Iterating over Matches

As with java.util.regex.Matcher , a dfh.grammar.Matcher behaves as an iterator over matches.
		String[] rules = {
				"<ROOT> = <a>+ <a>+",
				"<a> = /a/",
		};
		Grammar g = new Grammar(rules);
		String s = "aaa";
		Options opt = new Options();
		opt.allowOverlap(true);
		Matcher m = g.find(s, opt);
		Match n;
		while ((n = m.match()) != null)
			System.out.println(n);
produces
(<a>+ <a>+: 0, 3 [(<a>+: 0, 2 [(/a/: 0, 1), (/a/: 1, 2)]), (<a>+: 2, 3 [(/a/: 2, 3)])])
(<a>+ <a>+: 0, 3 [(<a>+: 0, 1 [(/a/: 0, 1)]), (<a>+: 1, 3 [(/a/: 1, 2), (/a/: 2, 3)])])
(<a>+ <a>+: 0, 2 [(<a>+: 0, 1 [(/a/: 0, 1)]), (<a>+: 1, 2 [(/a/: 1, 2)])])
(<a>+ <a>+: 1, 3 [(<a>+: 1, 2 [(/a/: 1, 2)]), (<a>+: 2, 3 [(/a/: 2, 3)])])
Note that the matcher in this case is iterating over all possible ways the grammar could match the given string, not just the non-overlapping matches.
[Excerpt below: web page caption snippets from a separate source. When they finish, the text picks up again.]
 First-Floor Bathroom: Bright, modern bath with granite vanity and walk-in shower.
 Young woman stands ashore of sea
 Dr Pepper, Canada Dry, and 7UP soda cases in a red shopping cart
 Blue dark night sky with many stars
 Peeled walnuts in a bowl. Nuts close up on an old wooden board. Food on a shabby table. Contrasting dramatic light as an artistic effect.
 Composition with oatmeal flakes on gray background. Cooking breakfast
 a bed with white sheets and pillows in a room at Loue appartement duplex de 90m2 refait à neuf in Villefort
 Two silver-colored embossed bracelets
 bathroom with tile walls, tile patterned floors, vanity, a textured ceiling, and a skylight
This is because of this bit:
		Options opt = new Options();
		opt.allowOverlap(true);
		Matcher m = g.find(s, opt);
This is the general way one modifies the behavior of a dfh.grammar.Matcher , other than by changing the method of dfh.grammar.Grammar that produced it. You instantiate a dfh.grammar.Options object and then change its properties with its accessors.For the sake of brevity I did not use the JavaBean spec for accessors. Once a matcher has been created, it is independent of the Options object used in its creation. You may change this however you like and it will not affect the behavior of the Matcher .
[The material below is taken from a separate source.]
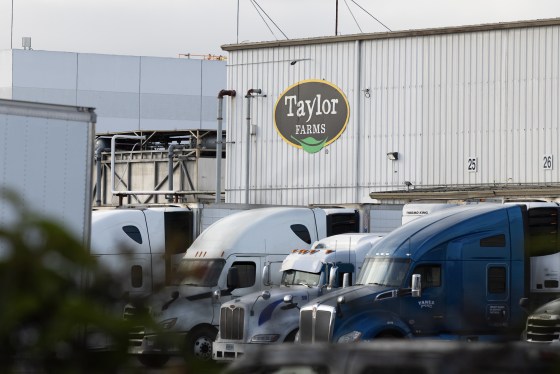 Several semi-trucks parked in front of a warehouse with the Taylor Farms logo on its facade.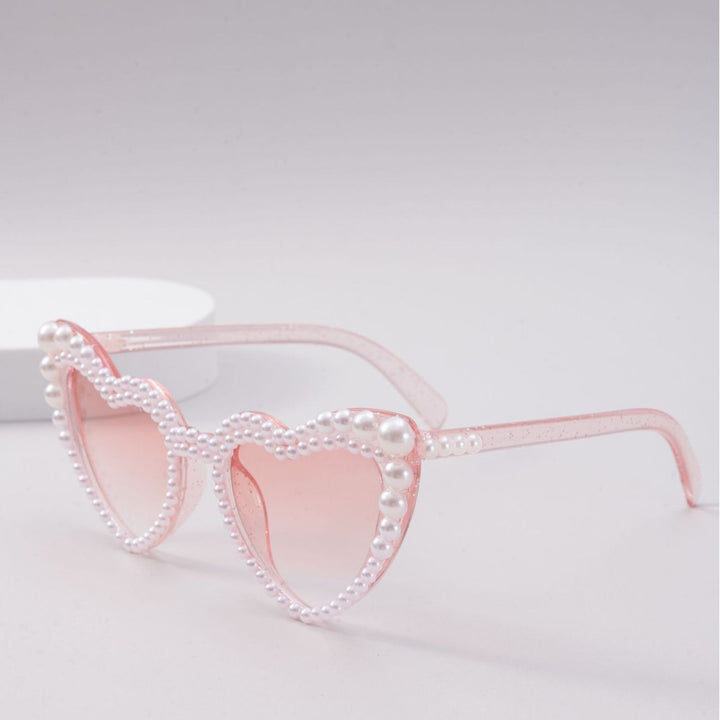 Dame designer solbrille med perleinnramming fra Skanto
Applying Arbitrary Conditions to Rules

One of the more powerful features of grammars is that you can apply arbitrary conditions to rules, validating sub-portions of a match mid-match.This is equivalent to the conditional expression (?(?{!condition()})(?!)) in Perl -- condition in this case is a bit of code that, if false, will cause the match to fail.
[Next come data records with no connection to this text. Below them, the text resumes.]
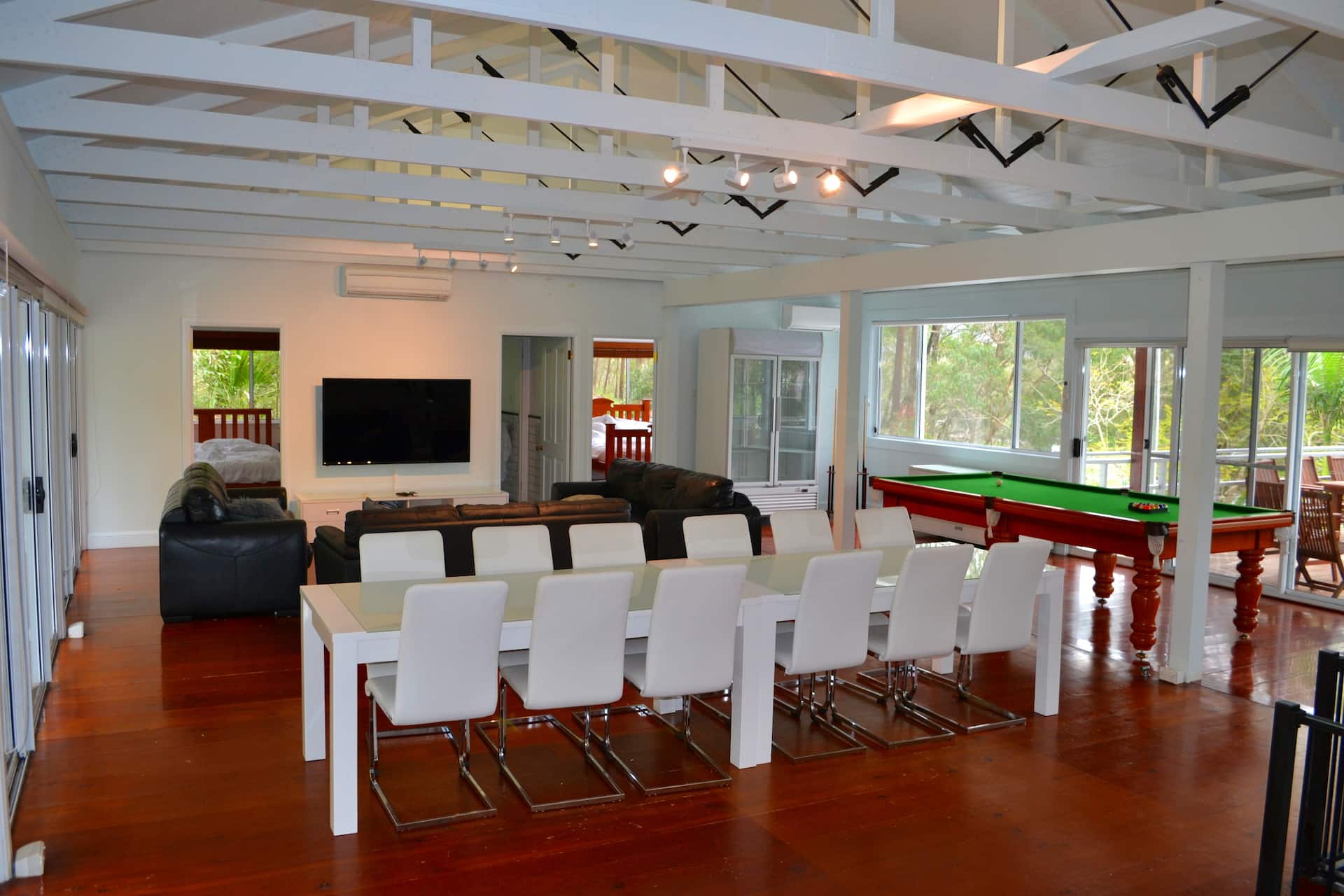Interior of the lodge with stone fireplace, vaulted ceilings and river views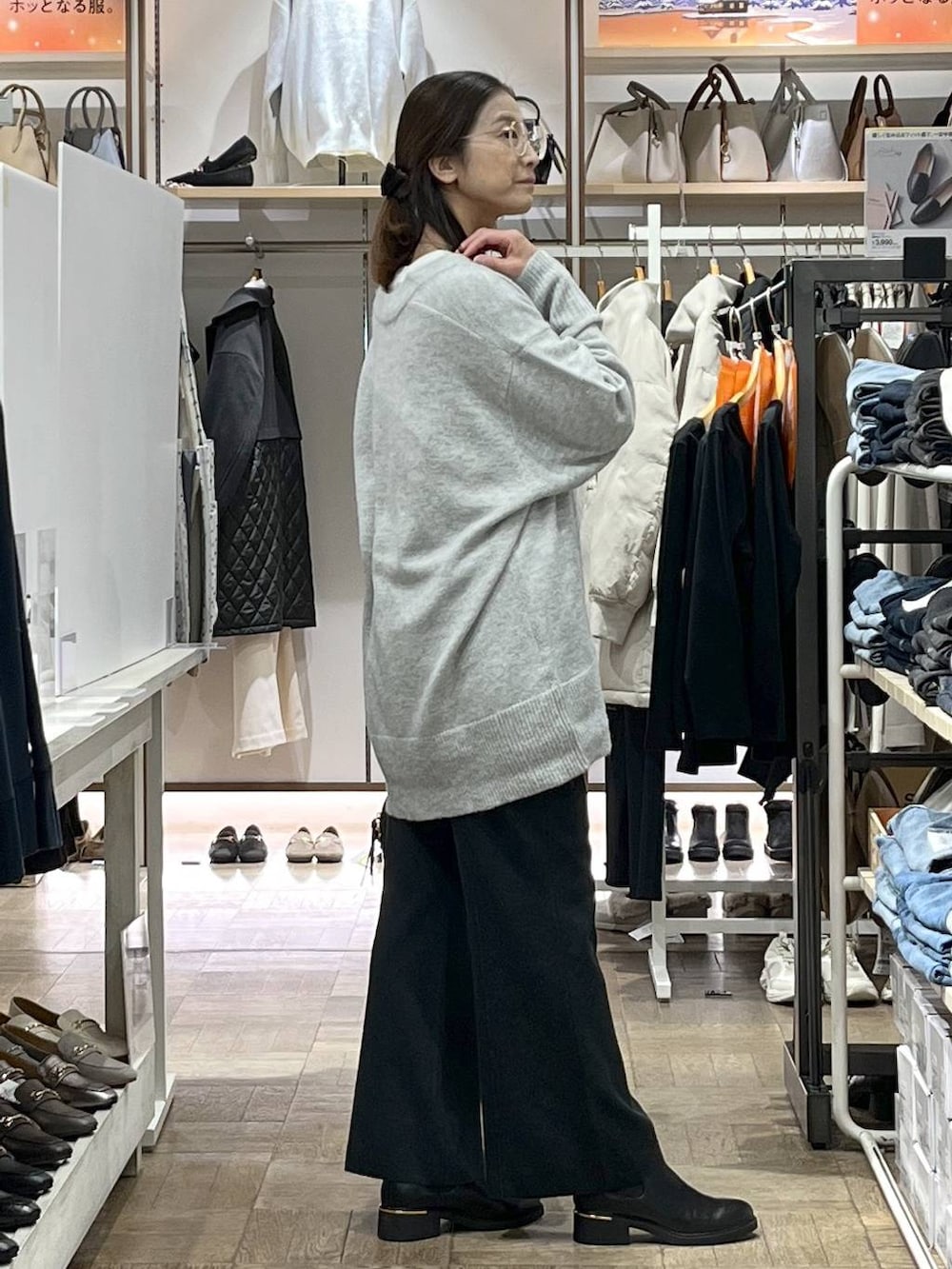 グレー系のニット/セーター、ホワイト系のTシャツ/カットソー、ブラック系のボストンバッグを着用したレディースの冬コーディネートの2枚目の写真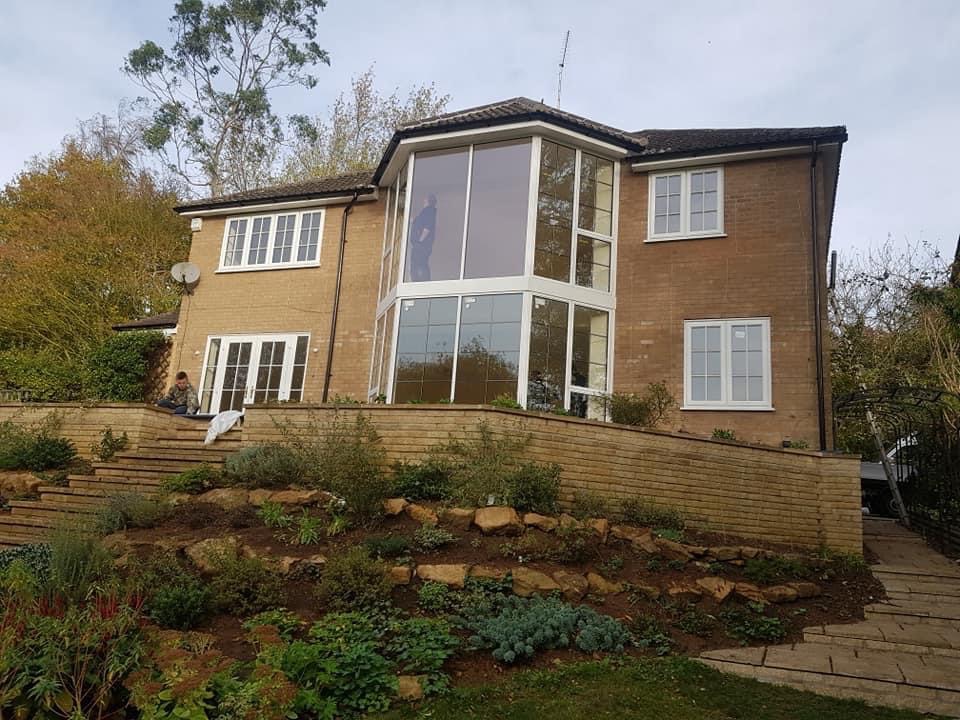 Dom z cegły z nową, przeszkloną dobudówką, widok z ogrodu z tarasami i roślinnością.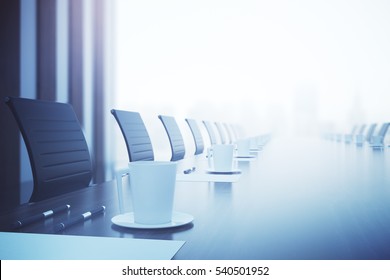 Close up of coffee cup, pens and paper sheet on wooden conference table. Filtered image. 3D Rendering - Powered by Shutterstock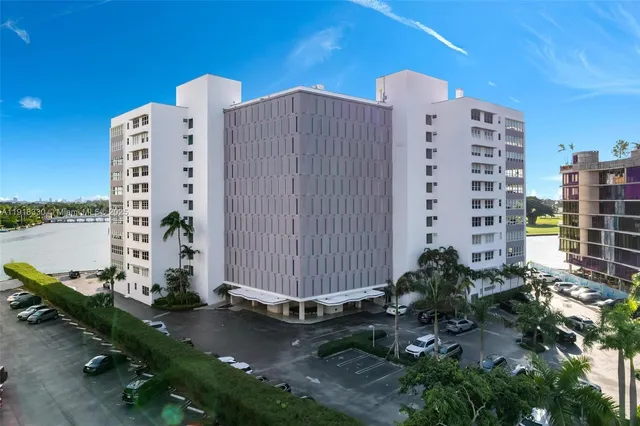 an aerial view of residential house with outdoor space and swimming pool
                String[] rules = { 
                                "<ROOT> = <year> '/' <month> '/' <day> (is_date)",
                                "<year> = /\\b\\d{4}/",
                                "<month> = /\\d{1,2}/",
                                "<day> = /\\d{1,2}/",
                };
                Grammar g = new Grammar(rules);
                g.defineCondition("is_date", new Condition() {
                        @Override
                        public boolean passes(Match n, Matcher m, CharSequence s) {
                                int year = parse(s, n.children()[0]);
                                int month = parse(s, n.children()[2]);
                                int day = parse(s, n.children()[4]);
                                Calendar c = Calendar.getInstance();
                                c.set(Calendar.YEAR, year);
                                c.set(Calendar.MONTH, month);
                                c.set(Calendar.DATE, day);
                                return c.get(Calendar.YEAR) == year && c.get(Calendar.MONTH) == month && c.get(Calendar.DATE) == day;
                        }

                        private int parse(CharSequence s, Match n) {
                                return Integer.parseInt(s.subSequence(n.start(), n.end()).toString());
                        }
                });
                String s = "2012/13/41 2001/1/1";
                Options opt = new Options();
                opt.allowOverlap(true);
                Matcher m = g.find(s, opt);
                Match n;
                while ((n = m.match()) != null)
                        System.out.println(n.group());
produces
2001/1/1
This is obviously a somewhat silly example as it is practically no different from post-filtering the results without the condition, but it does illustrate the process. Within the grammar rules you only name the condition. After grammar compilation you assign to this name an extension of the abstract class dfh.grammar.Condition . In complex grammars conditions can cause spurious matches to fail quickly, accelerating the discovery of real matches. Also, they enforce a declarative style which makes the logic of the grammar easier to follow.